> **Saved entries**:
^^^^

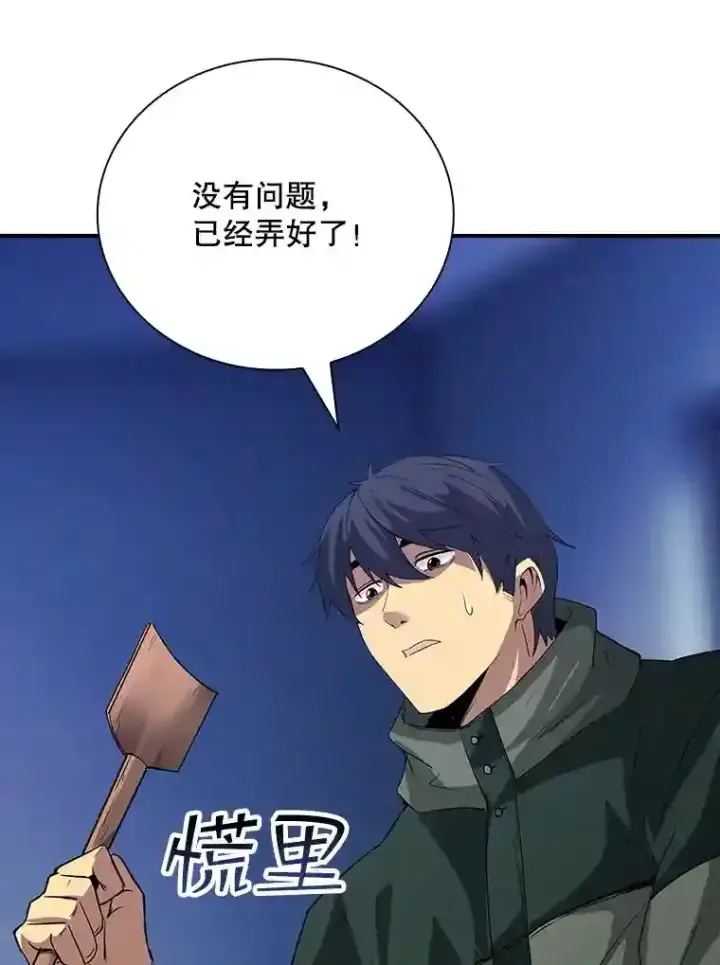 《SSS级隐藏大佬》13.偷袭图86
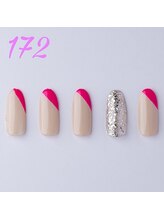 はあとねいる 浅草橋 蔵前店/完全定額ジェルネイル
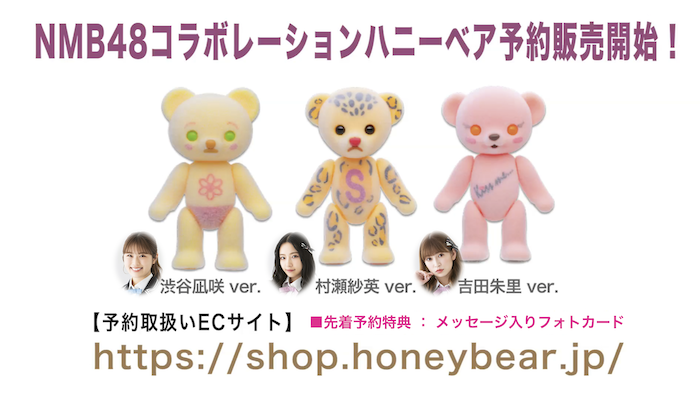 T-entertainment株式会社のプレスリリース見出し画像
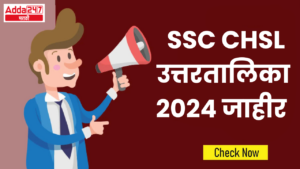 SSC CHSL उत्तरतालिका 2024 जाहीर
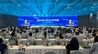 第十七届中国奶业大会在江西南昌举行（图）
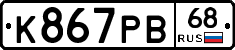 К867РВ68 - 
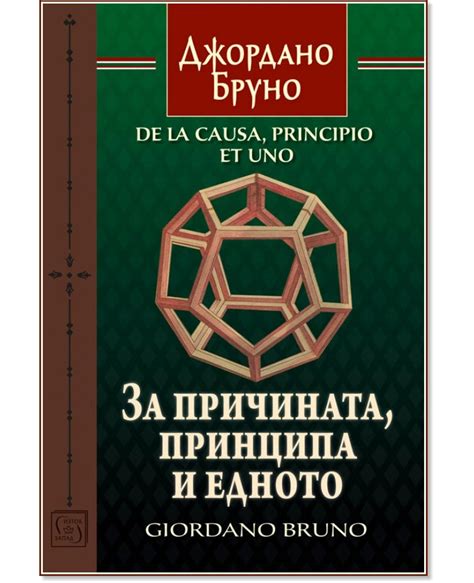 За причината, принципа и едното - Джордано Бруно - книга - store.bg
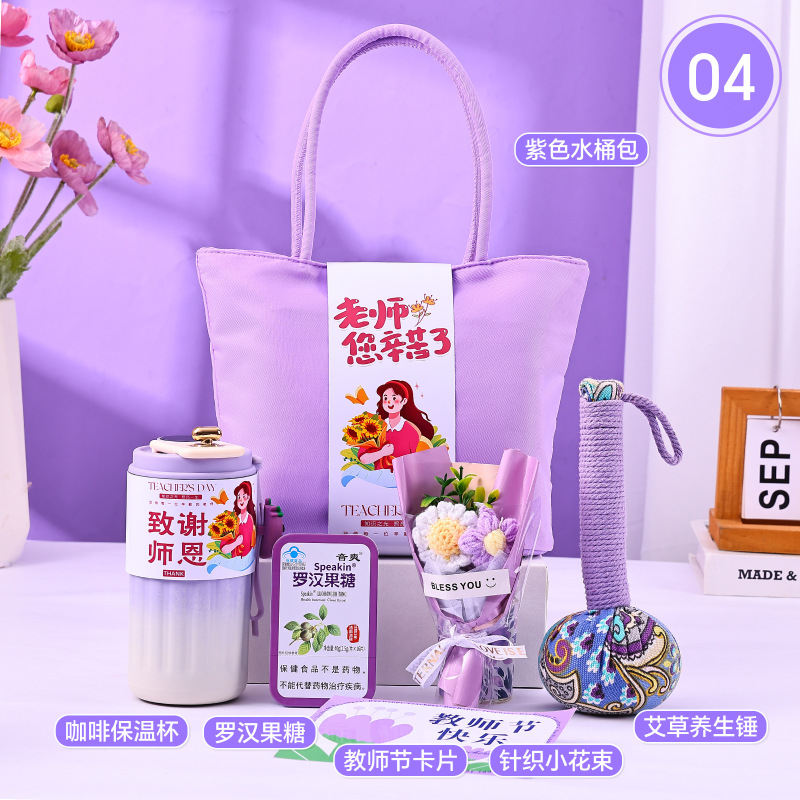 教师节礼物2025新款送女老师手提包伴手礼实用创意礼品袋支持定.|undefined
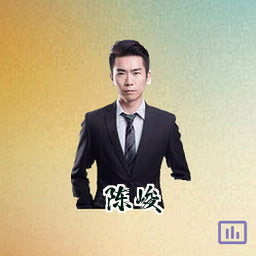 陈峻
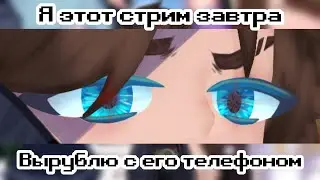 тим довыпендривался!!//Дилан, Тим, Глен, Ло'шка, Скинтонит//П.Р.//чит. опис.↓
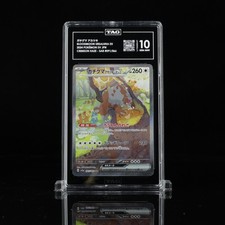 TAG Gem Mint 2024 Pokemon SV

^^^^

> **Exercise requirements**: For this exercise, set down exactly the lines that run from the line holding "教师节礼物2025新款送女老" to the last line of the records above; include both end lines and omit pictures.

> **Completed task**:
 教师节礼物2025新款送女老师手提包伴手礼实用创意礼品袋支持定.|undefined
 陈峻
 тим довыпендривался!!//Дилан, Тим, Глен, Ло'шка, Скинтонит//П.Р.//чит. опис.↓
 TAG Gem Mint 2024 Pokemon SV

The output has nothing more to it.